Bacterial type III protein secretion systems deliver effector proteins into eukaryotic cells in order to modulate cellular processes. Central to the function of these protein-delivery machines is their ability to recognize and secrete substrates in a defined order. Here, we describe a mechanism by which a type III secretion system from the bacterial enteropathogen Salmonella enterica serovar Typhimurium can sort its substrates before secretion. This mechanism involves a cytoplasmic sorting platform that is sequentially loaded with the appropriate secreted proteins. The sequential loading of this platform, facilitated by customized chaperones, ensures the hierarchy in type III protein secretion. Given the presence of these machines in many important pathogens, these findings can serve as the bases for the development of novel antimicrobial strategies.

Bacterial pathogens have evolved the capacity to deliver effector proteins into target host eukaryotic cells (1).
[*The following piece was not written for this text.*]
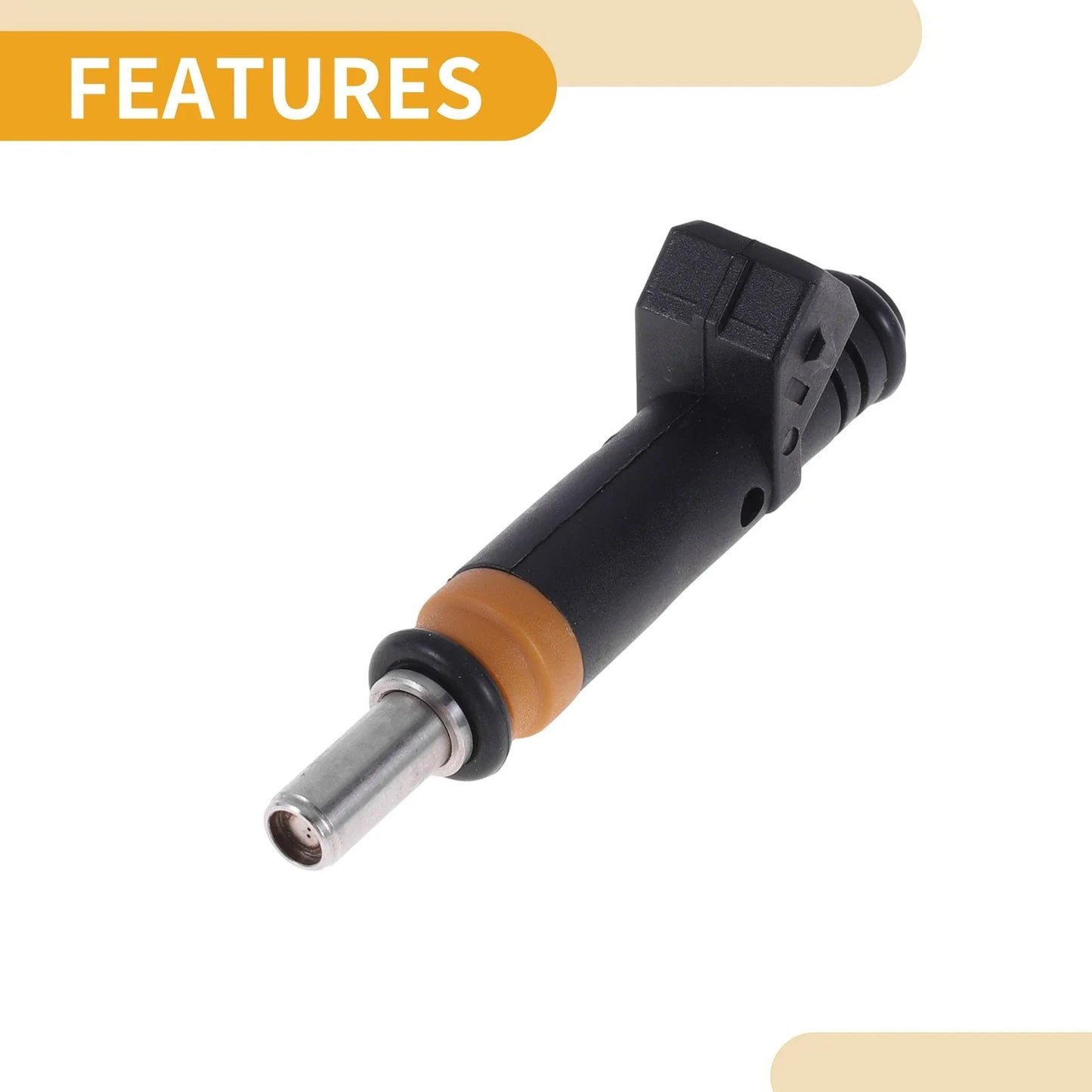 1 Pcs Fuel Injector for BMW 7 Series E65 V8 (2002-2003)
Various protein-delivery machines have been described, including the so-called type III, type IV, and type VI secretion systems (25). Type III protein secretion systems (T3SSs) are among the most complex protein-secretion systems known (2, 5). The needle complex, a central component of these systems, serves as a conduit for the secreted proteins as they pass through the bacterial envelope (6). Other essential elements of T3SSs are several cytoplasmic proteins of unknown function and the so-called export apparatus. A group of proteins known as “translocases” facilitate the delivery of the effector proteins through the eukaryotic host cell membrane (7, 8). Protein secretion must be precisely coordinated to ensure the deployment of components of the needle complex, followed by the deployment of the protein translocases and the delivery of effector proteins (916). Interfering with the hierarchy of secretion results in loss of T3SS function (17).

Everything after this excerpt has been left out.